Code used to conduct research at the University of Hawaii at Manoa given by Dr. Ahmed Elshall
The code presented herein is a Markov Chain Monte Carlo algorithm that runs multiple chains in parallel for efficient posterior exploration. The algorithm, entitled DREAM_(ZS) is based on the original DREAM sampling scheme, but uses sampling from an archive of past states to generate candidate points in each individual chain. Theoy and numerical examples of DREAM_(ZS) have been presented in Vrugt et al. (2009). Details can also be found in Ter Braak and Vrugt (2008)
Sampling from past has three main advantages:
(1) Circumvents the requirement of using N = d for posterior exploration. This will speed-up convergence to a limiting distribution, especially for high-dimensional problems (large d).
(2) Outlier chains do not need explicit consideration. By sampling historical states, aberrant trajectories an jump directly to the modal region at any time during the simulation. The N path ways simulated with DREAM_(ZS) therefore maintain detailed balance at every singe step in the chain.
(3) The transition kernel defining the jumps in each of the chains does not require information about the current states of the chains. This is of great advantage in a multi-processor environment where the N candidate points can be generated simultaneously so that each chain can evolve most efficiently on a different computer. Details of this will be given in a later publication, which should be ready within the next few months.
DREAM_(ZS) also contains a snooker updater to maximize the diversity of candidate points and generate jumps beyond parallel direction updates.
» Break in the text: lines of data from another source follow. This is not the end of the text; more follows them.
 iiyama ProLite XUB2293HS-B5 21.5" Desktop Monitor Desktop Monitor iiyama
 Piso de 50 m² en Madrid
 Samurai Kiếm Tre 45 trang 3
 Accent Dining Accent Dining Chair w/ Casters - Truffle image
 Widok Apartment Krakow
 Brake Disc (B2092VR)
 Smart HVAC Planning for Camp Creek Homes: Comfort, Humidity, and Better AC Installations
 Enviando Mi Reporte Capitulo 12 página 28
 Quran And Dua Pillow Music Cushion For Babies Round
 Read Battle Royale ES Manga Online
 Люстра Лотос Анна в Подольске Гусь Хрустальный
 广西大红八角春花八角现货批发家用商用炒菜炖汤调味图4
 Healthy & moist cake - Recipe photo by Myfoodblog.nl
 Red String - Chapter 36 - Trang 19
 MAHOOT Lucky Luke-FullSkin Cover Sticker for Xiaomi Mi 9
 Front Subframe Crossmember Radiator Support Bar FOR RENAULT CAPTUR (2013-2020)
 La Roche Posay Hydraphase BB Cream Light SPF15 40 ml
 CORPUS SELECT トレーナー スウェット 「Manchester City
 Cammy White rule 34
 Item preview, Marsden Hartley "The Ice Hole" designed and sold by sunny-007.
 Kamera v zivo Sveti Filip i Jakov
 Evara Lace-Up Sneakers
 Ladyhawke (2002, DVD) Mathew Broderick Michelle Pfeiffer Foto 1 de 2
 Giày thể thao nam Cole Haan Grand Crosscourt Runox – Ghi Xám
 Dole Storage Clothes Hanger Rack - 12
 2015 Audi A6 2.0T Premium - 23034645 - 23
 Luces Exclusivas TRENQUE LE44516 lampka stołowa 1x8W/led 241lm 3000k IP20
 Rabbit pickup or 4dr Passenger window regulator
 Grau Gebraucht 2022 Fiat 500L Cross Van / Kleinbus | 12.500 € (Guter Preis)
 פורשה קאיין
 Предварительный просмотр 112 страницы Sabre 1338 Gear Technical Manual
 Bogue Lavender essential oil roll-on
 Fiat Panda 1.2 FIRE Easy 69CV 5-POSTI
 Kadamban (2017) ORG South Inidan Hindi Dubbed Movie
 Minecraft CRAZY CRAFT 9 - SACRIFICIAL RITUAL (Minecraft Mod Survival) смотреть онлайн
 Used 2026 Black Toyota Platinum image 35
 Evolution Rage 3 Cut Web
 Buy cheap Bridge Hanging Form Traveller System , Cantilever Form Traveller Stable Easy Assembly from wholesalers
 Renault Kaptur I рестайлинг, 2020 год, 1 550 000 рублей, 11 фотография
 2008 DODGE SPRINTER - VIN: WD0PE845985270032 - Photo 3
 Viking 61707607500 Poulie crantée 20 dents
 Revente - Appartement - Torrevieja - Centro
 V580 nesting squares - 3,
Finally, DREAM_(ZS) contains subspace learning in a similar way as DREAM, to maximize the squared jumping distance between two subsequent points in each chain. This idea has been presented in Vrugt et al. (2008) and shown to significantly increase the efficiency of posterior exploration. All these options can be activated from the input file.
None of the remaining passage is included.